What is Formal Education?

I’m gearing up for the second E-Development, Educational, in the PEMFESS+P Series. As I began penning, I segued into writing about Education as a preamble.

What exactly is Education? Is it necessary – why or why not? After the first preamble, I realized that I had assumed all readers knew what formal education is. I paused to write this second preamble to correct the assumption; both leading to the upcoming E-Educational Development post.

What is Education; its Function or Purpose?

The Oxford Dictionary defines education as “the process of receiving or giving systematic instruction, especially at a school or university.”

I found an infographic on the Association for Supervision and Curriculum Development (ASCD) website which gave different purposes of Education. According to A. W. Forshay, other purposes have also been widely accepted; such as,

  • “to develop the intellect,
  • to serve social needs,
  • to contribute to the economy,
  • to create an effective work force,
  • to prepare students for a job or career, and
  • to promote a particular social or political system.”

A 1957 purpose states that:

“The main purpose of the American school is to provide for the fullest possible development of each learner for living morally, creatively, and productively in a democratic society.”
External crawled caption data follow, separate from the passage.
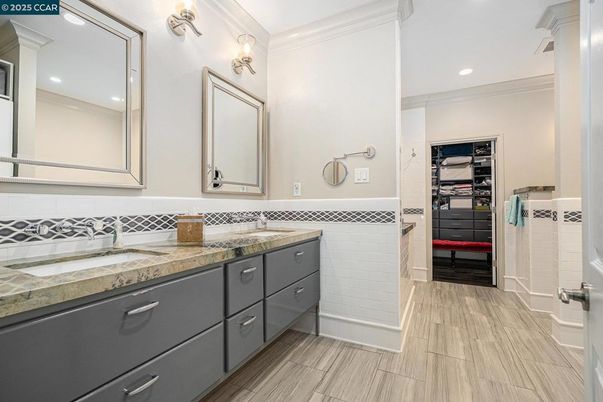 Bathroom, Dual Sink Vanities, Interior, Recessed Lighting, Walk-in Closets, Wood Texture Flooring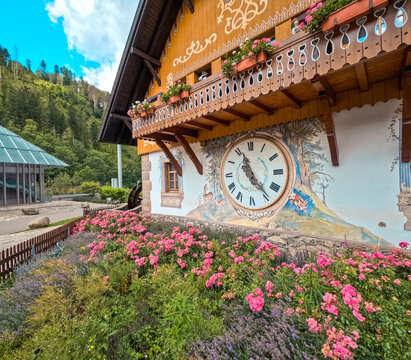 Charming German Bavarian style chalet with large cuckoo clock face on the front. Located within the High Black Forest in Breitnau, Baden-W&uuml;rttemberg Germany.
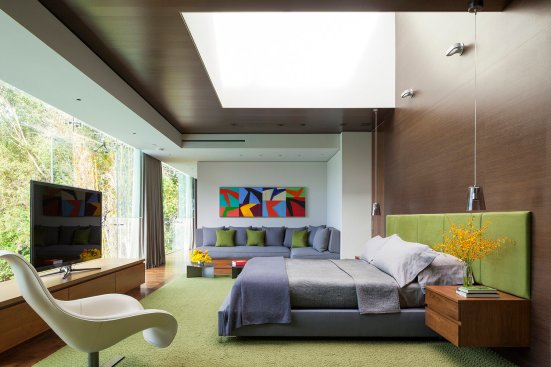 Modern luxury Beverly Hills home bedroom design with skylight and glass wall view.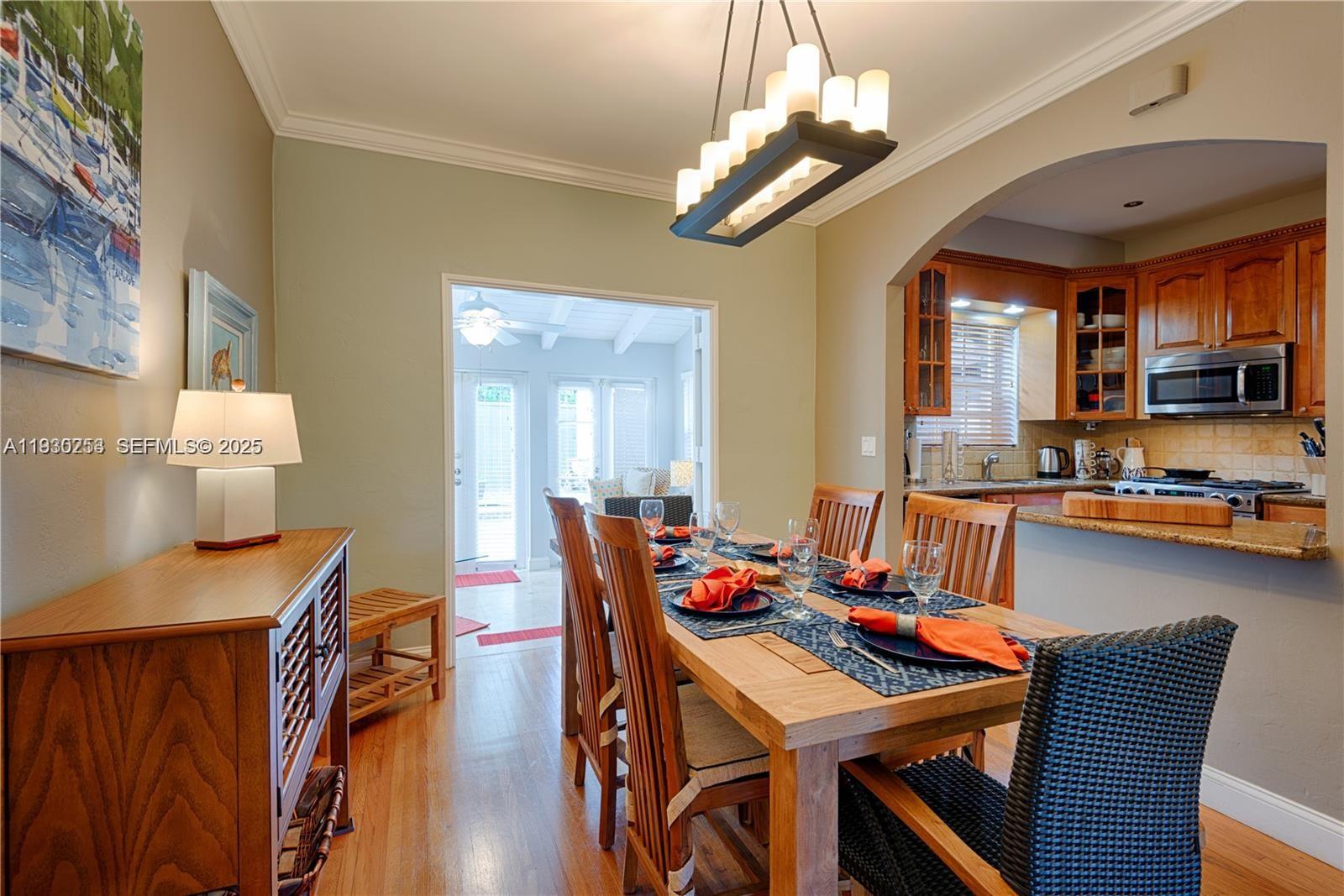 2308 Southwest 23rd Terrace Miami, FL 33145 - Photo 7 of 27 a view of a dining room with furniture a chandelier and wooden floor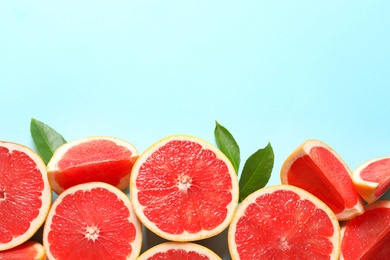 Fresh grapefruits and leaves on color background, flat lay with space for text. Citrus fruits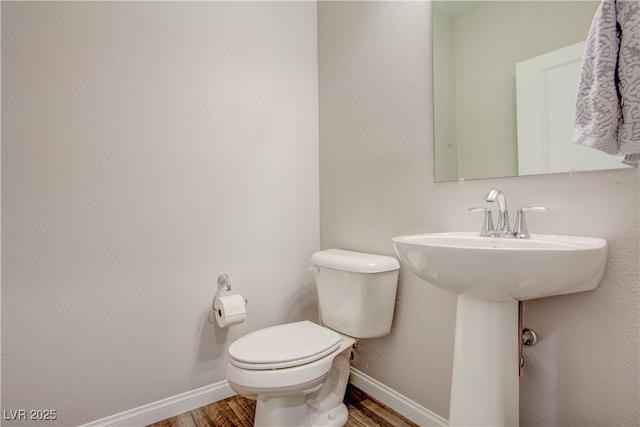 bathroom with a sink, wood finished floors, toilet, and baseboards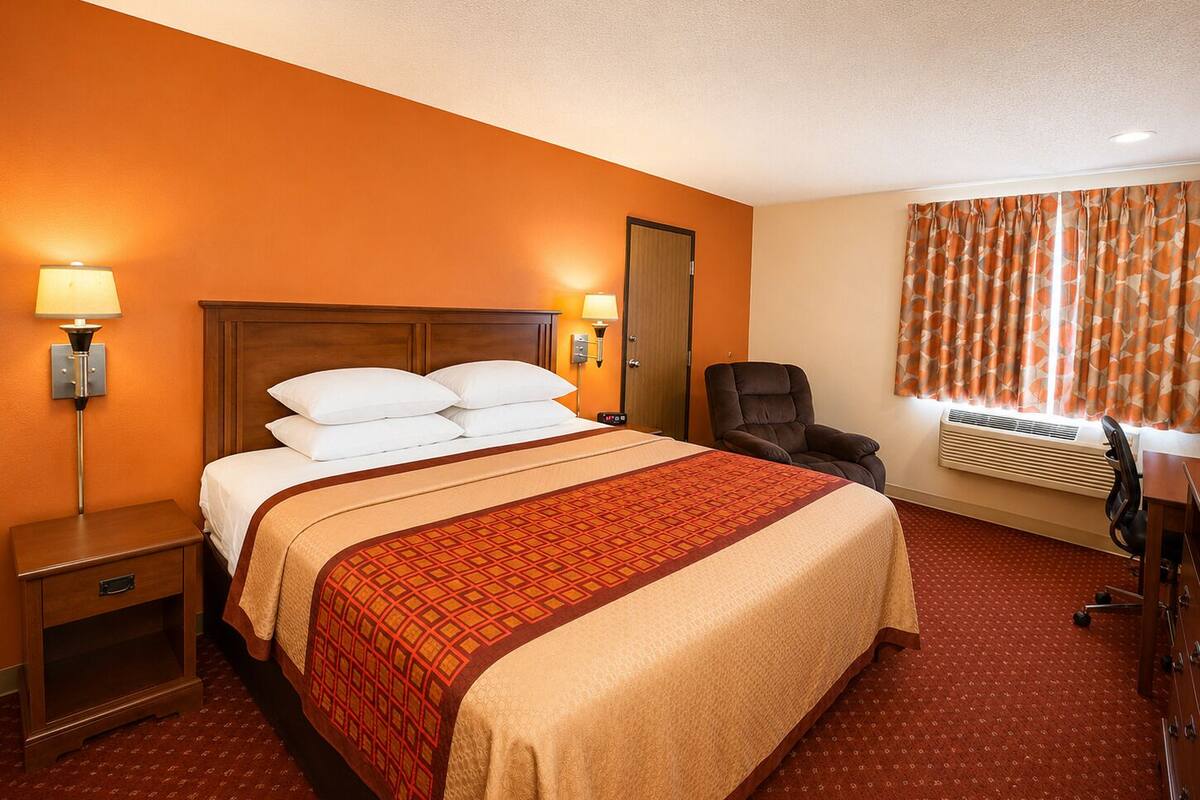 A hotel room with a large bed, bedside lamps, a chair, an air conditioning unit, and a door.
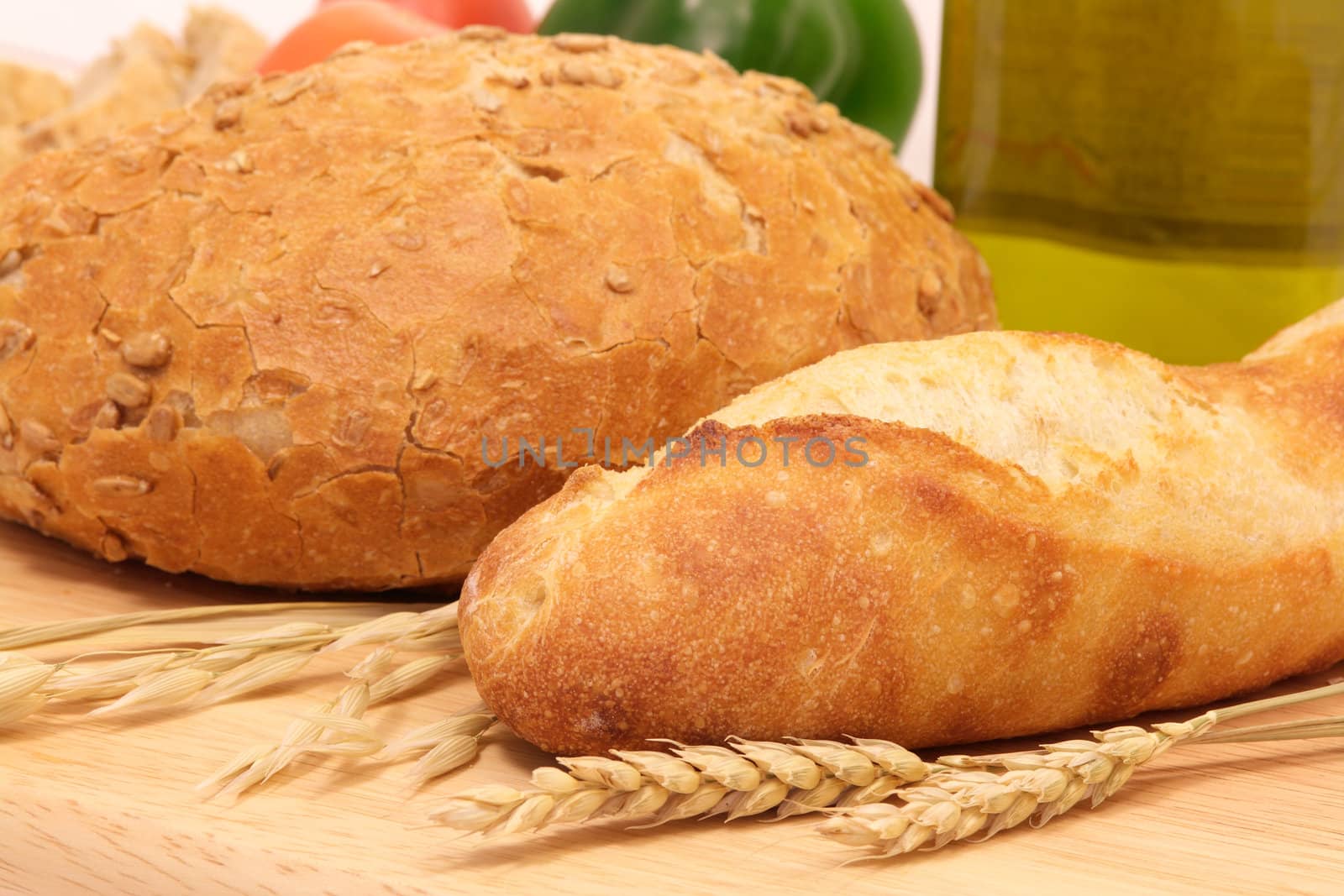 Breads on wood with wheat ears and oat, on a mediterranean background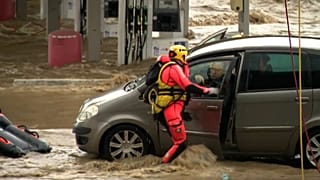 Firefighter rescues people from car trapped in water, Givors, France, 17 October 2024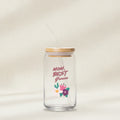 Clear glass jar with straw and wooden lid, featuring 'Mom, Best Grower' text and floral design on a white background.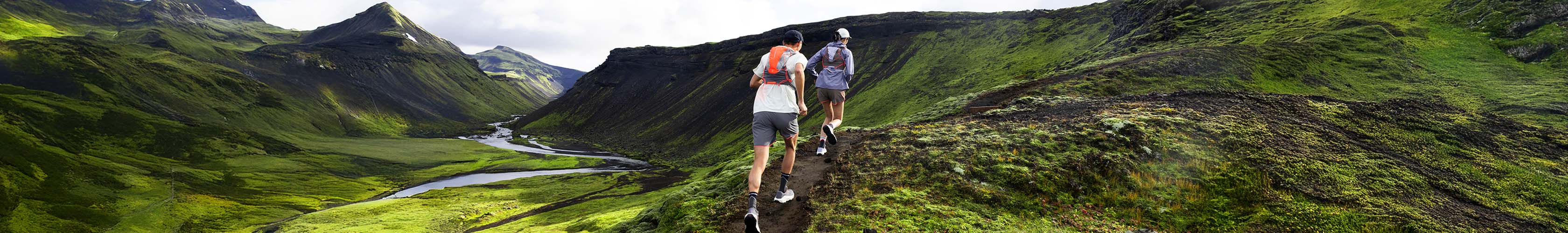 Shop Accessories. Two runners with backpack running up the hill
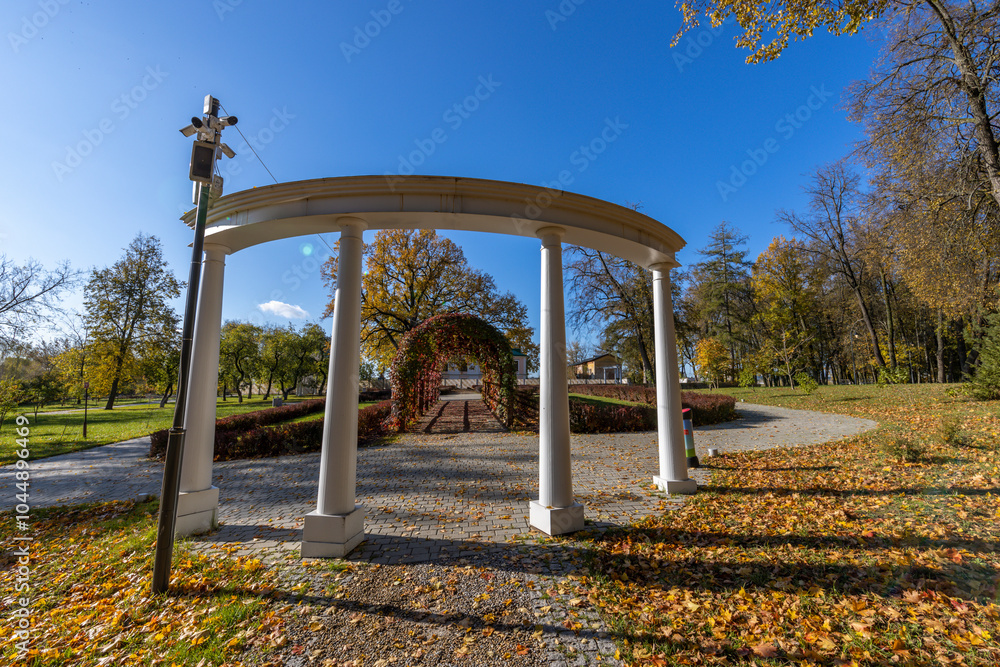 A large archway with white pillars and a cross on top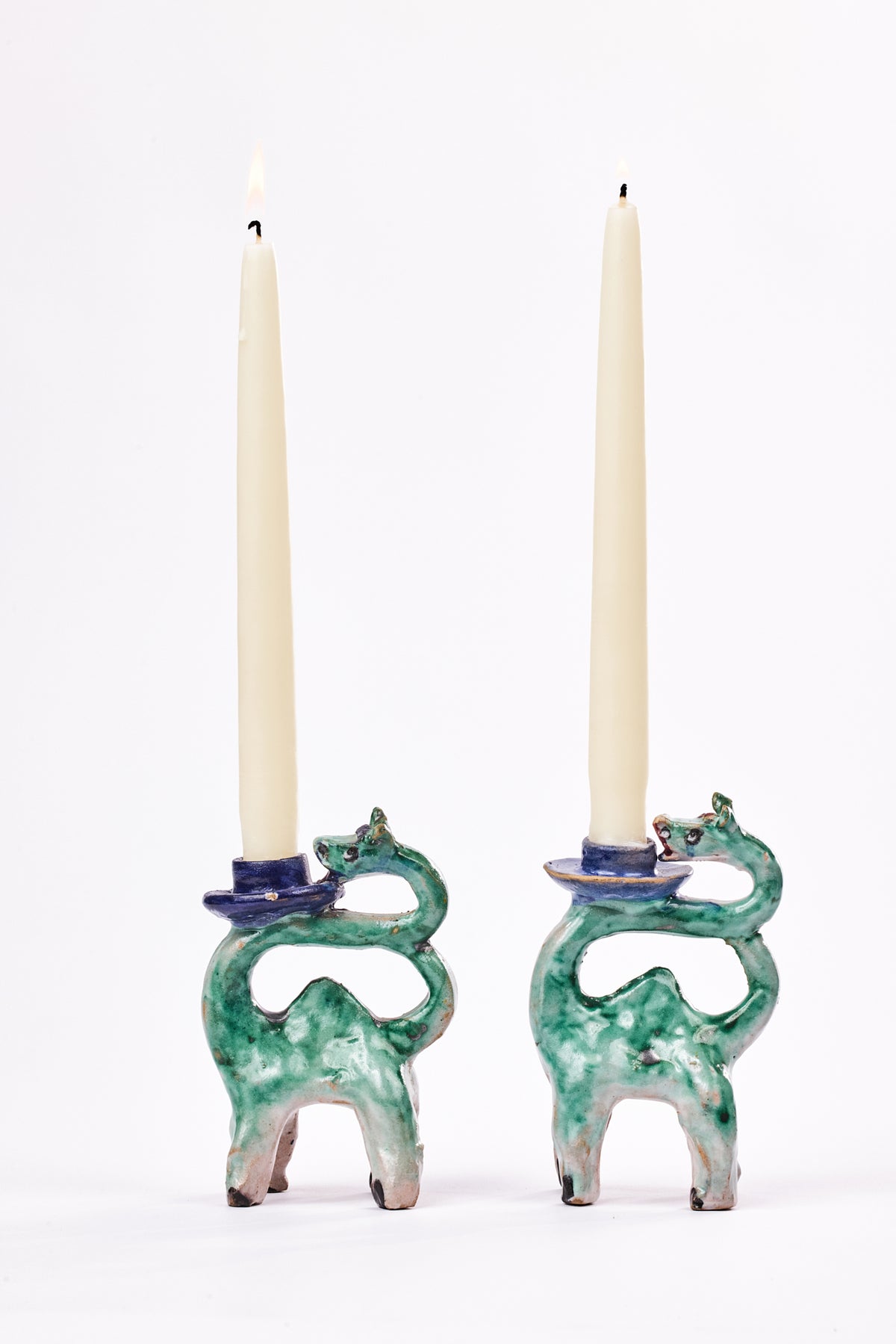 abstract handmade ceramic green-glazed donkey candleholders with off-white unit taper candles.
M. L. King Jr., in his speech at Morehouse College in 1948, stated the educational purpose as:

“The function of education is to teach one to think intensively and to think critically. But education which stops with efficiency may prove the greatest menace to society. The most dangerous criminal may be the man gifted with reason but no morals. … We must remember that intelligence is not enough. Intelligence plus character—that is the goal of true education.”

All the above are valid today and we can deduce that the function, purpose, or definition of Education will vary diversely. The true definition and purpose should encompass every view which will be the receipt of instruction and development of the whole person to be a productive contributor primarily to themselves and secondarily to society.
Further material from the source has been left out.